Jacques Brunel, du rugby terroir à l’ère professionnelle
Jacques Brunel, du rugby terroir à l’ère professionnelle
Par Adrien Pécout
Le président de la Fédération française de rugby, Bernard Laporte, a officialisé, mercredi, la désignation de Jacques Brunel comme sélectionneur du XV de France, en remplacement de Guy Novès.
Jacques Brunel vient d’une autre époque : celle du rugby amateur, un rugby terroir dans lequel il a fait ses classes. / NICOLAS TUCAT / AFP
Voilà un Gersois, moustachu lui aussi. Sans remonter au XVIIe siècle et au mousquetaire d’Artagnan, Jacques Brunel vient d’une autre époque : celle du rugby amateur, un rugby terroir dans lequel il a fait ses classes. Jusqu’à sa nomination au grade suprême, mercredi 27 décembre : à bientôt 64 ans, le voilà donc nommé sélectionneur du XV de France en remplacement de Guy Novès.
Il entraînait jusqu’à présent l’Union Bordeaux-Bègles. Mais son apprentissage au plus haut niveau, il le doit surtout à trois équipes désormais portées disparues de la première division.
D’abord à Auch, ce club qui périclite aujourd’hui au sixième échelon national, celui de l’illustre Jacques Fouroux. Jacques Brunel y a joué, puis entraîné : le temps de cultiver le goût du rugby et celui de la vigne.
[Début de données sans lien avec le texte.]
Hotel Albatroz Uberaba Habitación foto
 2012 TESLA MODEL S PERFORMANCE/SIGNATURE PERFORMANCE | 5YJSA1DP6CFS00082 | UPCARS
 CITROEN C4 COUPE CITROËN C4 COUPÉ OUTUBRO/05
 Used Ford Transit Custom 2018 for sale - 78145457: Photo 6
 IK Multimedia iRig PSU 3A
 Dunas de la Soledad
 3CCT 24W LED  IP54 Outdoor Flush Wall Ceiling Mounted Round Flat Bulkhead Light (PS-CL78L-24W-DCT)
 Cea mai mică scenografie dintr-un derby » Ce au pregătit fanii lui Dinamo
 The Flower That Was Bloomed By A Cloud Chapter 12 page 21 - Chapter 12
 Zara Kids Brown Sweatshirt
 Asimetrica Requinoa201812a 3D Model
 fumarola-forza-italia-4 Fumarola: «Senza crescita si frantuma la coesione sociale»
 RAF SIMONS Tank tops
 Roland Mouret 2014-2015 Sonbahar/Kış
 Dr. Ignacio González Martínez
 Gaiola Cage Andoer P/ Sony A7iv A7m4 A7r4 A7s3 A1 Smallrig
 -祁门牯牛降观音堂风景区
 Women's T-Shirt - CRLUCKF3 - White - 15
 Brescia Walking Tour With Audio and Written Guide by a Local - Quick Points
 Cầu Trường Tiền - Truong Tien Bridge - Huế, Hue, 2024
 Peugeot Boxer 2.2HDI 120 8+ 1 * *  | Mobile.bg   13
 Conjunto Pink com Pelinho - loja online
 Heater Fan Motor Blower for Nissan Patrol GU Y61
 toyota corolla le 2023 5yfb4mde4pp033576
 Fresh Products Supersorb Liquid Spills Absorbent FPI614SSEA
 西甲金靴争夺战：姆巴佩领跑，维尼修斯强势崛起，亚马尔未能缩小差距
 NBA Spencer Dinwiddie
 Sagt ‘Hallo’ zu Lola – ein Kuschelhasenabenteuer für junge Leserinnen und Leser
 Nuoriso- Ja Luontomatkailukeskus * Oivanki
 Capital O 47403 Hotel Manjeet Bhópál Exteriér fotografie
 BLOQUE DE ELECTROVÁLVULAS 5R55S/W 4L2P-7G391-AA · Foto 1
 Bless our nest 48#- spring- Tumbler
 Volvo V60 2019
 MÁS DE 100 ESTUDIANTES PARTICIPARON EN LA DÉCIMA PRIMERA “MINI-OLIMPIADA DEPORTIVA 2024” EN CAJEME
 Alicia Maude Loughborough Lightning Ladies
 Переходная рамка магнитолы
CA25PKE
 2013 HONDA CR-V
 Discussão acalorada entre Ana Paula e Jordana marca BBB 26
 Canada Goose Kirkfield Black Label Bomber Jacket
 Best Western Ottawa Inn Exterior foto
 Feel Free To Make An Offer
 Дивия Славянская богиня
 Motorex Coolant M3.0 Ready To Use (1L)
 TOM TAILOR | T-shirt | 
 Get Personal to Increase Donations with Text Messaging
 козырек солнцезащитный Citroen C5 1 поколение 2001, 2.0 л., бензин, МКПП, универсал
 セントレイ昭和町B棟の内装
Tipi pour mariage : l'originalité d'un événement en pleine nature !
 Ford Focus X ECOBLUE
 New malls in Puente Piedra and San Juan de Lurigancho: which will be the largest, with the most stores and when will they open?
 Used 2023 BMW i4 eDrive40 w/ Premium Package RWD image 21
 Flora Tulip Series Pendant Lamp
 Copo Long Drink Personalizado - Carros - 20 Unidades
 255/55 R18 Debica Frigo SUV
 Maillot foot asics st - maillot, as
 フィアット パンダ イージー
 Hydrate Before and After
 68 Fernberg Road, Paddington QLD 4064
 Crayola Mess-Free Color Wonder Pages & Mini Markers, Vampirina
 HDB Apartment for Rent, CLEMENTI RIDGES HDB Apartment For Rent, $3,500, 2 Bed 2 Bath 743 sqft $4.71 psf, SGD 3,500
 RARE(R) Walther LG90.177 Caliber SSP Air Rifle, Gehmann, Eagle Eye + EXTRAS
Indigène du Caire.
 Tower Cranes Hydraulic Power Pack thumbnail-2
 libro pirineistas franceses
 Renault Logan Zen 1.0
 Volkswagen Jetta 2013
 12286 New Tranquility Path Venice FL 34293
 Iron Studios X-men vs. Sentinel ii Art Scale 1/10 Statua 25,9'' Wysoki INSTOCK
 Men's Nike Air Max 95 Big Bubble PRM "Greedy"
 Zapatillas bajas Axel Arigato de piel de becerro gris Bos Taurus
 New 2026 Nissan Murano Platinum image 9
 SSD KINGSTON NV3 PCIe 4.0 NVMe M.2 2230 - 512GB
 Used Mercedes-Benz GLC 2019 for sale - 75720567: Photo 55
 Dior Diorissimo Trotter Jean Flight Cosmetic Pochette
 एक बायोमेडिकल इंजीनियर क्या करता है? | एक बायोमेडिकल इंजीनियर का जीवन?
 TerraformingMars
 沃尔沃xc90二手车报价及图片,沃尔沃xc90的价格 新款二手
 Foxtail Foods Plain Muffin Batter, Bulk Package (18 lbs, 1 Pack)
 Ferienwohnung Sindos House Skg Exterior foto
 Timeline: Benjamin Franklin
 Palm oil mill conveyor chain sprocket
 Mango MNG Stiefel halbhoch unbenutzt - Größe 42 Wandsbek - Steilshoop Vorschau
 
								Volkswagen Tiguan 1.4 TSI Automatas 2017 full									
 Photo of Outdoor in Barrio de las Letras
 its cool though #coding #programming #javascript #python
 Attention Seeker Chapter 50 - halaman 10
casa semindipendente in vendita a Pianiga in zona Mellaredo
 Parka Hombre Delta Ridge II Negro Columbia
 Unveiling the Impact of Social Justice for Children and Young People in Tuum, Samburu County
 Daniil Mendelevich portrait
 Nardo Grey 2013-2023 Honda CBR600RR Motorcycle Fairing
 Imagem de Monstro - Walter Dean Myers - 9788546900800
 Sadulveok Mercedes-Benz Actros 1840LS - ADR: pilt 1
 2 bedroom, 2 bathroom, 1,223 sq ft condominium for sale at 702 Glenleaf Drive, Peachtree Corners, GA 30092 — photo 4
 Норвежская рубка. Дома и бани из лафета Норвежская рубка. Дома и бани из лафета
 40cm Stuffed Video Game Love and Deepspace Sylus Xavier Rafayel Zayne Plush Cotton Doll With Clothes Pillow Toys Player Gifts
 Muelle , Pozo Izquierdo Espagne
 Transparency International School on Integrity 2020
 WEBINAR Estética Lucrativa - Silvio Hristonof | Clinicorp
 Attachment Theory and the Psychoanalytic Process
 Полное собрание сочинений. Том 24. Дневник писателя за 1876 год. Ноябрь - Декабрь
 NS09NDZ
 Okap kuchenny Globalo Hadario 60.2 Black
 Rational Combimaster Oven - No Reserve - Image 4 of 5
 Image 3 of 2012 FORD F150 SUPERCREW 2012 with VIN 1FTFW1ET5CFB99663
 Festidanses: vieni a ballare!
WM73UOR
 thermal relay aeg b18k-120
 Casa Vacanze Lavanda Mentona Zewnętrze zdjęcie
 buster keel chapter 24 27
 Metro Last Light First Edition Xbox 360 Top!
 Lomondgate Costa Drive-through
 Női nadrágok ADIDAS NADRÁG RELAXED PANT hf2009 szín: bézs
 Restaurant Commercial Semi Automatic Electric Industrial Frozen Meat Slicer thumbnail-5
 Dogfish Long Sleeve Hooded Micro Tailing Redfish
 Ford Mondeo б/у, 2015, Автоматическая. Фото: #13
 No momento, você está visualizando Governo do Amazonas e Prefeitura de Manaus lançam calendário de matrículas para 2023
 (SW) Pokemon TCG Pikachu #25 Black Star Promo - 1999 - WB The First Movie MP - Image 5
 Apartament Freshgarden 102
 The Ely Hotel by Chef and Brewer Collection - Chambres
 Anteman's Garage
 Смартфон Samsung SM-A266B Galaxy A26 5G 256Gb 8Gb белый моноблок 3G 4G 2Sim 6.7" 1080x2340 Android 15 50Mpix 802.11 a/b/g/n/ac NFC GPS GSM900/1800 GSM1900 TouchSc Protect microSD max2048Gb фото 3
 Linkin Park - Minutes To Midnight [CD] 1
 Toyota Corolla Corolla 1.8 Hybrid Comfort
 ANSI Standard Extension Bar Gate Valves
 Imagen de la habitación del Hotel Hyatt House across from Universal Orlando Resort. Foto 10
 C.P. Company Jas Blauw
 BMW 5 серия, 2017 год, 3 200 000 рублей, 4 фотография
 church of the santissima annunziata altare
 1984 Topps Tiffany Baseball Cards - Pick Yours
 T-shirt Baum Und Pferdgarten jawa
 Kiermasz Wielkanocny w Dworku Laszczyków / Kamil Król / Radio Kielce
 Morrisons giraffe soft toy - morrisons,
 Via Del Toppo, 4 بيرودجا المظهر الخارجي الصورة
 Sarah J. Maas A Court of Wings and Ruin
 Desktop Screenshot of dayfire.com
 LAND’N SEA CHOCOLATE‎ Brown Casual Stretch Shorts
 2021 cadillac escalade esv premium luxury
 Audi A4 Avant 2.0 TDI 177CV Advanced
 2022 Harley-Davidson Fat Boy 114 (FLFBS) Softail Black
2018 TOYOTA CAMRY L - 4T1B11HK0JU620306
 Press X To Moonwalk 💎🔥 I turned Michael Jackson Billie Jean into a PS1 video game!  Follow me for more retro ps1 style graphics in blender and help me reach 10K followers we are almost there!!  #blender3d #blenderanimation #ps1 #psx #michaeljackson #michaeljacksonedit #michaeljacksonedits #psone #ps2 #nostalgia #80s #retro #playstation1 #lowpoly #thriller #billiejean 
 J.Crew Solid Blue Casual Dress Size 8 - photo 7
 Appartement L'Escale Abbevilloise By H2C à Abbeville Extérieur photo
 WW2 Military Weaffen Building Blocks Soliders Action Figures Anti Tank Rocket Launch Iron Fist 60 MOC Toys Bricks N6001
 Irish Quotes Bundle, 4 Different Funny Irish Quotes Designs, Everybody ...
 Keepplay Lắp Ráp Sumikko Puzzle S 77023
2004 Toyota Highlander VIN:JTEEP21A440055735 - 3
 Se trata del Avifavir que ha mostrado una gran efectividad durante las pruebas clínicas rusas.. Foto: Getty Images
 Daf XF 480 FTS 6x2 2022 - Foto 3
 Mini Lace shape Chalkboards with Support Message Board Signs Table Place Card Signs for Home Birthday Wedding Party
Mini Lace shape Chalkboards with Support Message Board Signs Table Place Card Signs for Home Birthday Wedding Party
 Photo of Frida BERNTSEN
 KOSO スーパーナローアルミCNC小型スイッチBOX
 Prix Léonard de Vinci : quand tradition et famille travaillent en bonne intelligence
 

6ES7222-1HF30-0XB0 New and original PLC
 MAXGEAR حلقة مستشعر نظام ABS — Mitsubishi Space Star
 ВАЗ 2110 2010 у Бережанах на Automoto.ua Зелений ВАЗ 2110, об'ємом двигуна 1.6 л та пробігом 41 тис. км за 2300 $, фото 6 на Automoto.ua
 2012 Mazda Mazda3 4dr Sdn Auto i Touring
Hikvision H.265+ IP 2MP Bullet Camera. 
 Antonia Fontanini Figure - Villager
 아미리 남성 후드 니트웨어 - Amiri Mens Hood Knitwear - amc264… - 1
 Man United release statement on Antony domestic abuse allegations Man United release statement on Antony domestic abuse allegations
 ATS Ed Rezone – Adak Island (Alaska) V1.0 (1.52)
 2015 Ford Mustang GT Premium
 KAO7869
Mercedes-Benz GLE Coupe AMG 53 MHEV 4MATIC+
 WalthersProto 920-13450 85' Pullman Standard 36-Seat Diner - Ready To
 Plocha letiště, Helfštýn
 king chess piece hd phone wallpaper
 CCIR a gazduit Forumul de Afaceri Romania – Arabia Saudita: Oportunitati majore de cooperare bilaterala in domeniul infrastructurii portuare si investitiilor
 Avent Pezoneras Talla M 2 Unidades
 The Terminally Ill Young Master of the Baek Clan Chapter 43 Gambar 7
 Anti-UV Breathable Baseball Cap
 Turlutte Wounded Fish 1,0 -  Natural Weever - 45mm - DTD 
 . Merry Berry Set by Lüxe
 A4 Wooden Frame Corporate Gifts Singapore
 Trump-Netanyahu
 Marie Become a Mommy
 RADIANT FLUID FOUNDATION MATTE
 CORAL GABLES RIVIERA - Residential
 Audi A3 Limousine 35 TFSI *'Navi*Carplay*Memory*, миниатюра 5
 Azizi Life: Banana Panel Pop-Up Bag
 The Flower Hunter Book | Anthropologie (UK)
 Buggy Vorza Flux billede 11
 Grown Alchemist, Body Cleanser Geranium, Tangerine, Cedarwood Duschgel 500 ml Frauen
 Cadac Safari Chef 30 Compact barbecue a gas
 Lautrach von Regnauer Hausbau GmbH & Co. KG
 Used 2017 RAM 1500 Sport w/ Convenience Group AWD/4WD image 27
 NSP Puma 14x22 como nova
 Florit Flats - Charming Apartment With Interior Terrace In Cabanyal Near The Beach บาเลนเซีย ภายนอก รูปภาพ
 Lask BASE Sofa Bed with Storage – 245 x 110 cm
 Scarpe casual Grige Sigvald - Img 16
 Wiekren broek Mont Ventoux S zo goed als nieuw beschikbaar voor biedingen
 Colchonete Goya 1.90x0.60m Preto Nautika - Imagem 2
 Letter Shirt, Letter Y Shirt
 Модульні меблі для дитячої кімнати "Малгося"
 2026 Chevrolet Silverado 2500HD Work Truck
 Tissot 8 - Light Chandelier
« Il faut avoir de la patience »
En parallèle du sport, le jeune homme commence à gagner sa vie comme viticulteur, le même métier que ses parents. « Dans la viticulture, il faut avoir de la patience, il faut du temps pour construire une vigne, pour la mener à bien », dit-il. Comme une équipe de rugby, oui.
L’ancien joueur travaille ensuite comme cadre pour un groupement d’assurance et pour la Mutualité sociale agricole, la « Sécu » des agriculteurs. « Un travail de terrain, raconte-t-il à présent. Tous les jours, j’allais à leur rencontre, dans leurs maisons, dans leurs familles, je les aidais dans leur cheminement administratif pour les questions de retraites, de maladies. »
Vient l’exil hors du Gers : à Colomiers, puis à Perpignan. Deux clubs de plus grande envergure. En 1998, Jacques Brunel prend une décision « sans possibilité de retour » : « Je sentais à ce moment que le fait d’avoir deux activités altérait mon travail dans un secteur comme dans l’autre. » Il quitte alors son poste à la Mutualité pour se consacrer au rugby professionnel, encore à ses prémices.
Pour commencer, un beau parcours avec les Hauts-Garonnais de Colomiers lui donne raison : l’équipe se hisse en finale de la Coupe d’Europe 1999. La décennie suivante, consécration nationale : les Catalans de Perpignan remportent le titre de champion de France 2009.
Cette année-là, un malaise cardiaque contraint le Gascon à arrêter la cigarette. Mais pas le rugby. Un sport qu’il apprécie avant tout pour son essence collective, comme les travaux des champs : « A la campagne, il y a toujours des activités où tout le monde vient participer, on appelle ça des corvées. Tous les voisins se réunissent et on fait un travail en commun pour le blé, pour la vigne, par exemple. »
Un passionné
Jacques Brunel vit aussi avec son temps, et s’accommode très vite du professionnalisme. De 2001 à 2007, il intègre déjà le XV de France en tant qu’adjoint de Bernard Laporte, alors sélectionneur. Leur collaboration s’accompagne de plusieurs succès au Tournoi des six nations (quatre titres) et d’expériences plus mitigées en Coupe du monde (deux fois demi-finaliste).
Apprécié pour son calme et ses qualités d’écoute, l’entraîneur se spécialise dans le domaine des avants, lui qui jouait au poste d’arrière. « Cet homme a une telle intelligence rugbystique qu’il m’a appris plein de choses, à moi, pilier ! », s’étonne encore Stéphane Graou, un ancien d’Auch et de Colomiers, qui salue un « technicien d’une très grande qualité ».
Un passionné, aussi : « Jacques regardait toujours des matchs, il bouffait de la vidéo », se souvient Marius Tincu, ex-talonneur de Perpignan. Philippe Ducousso, ancien adjoint à Colomiers, garde aussi en mémoire des soirées moins studieuses : « Parfois, Jacques sortait une cuvée d’armagnac exceptionnelle » et en faisait profiter toute la compagnie. Une bande qui avait en commun le plaisir de jouer, et bien souvent de gagner.
Enchaîner les victoires : une expérience moins souvent vécue à la tête de la fragile sélection nationale italienne (2011-2016)… ou même avec Bordeaux-Bègles : à la mi-saison, Jacques Brunel laisse le club girondin à la huitième place du Top 14.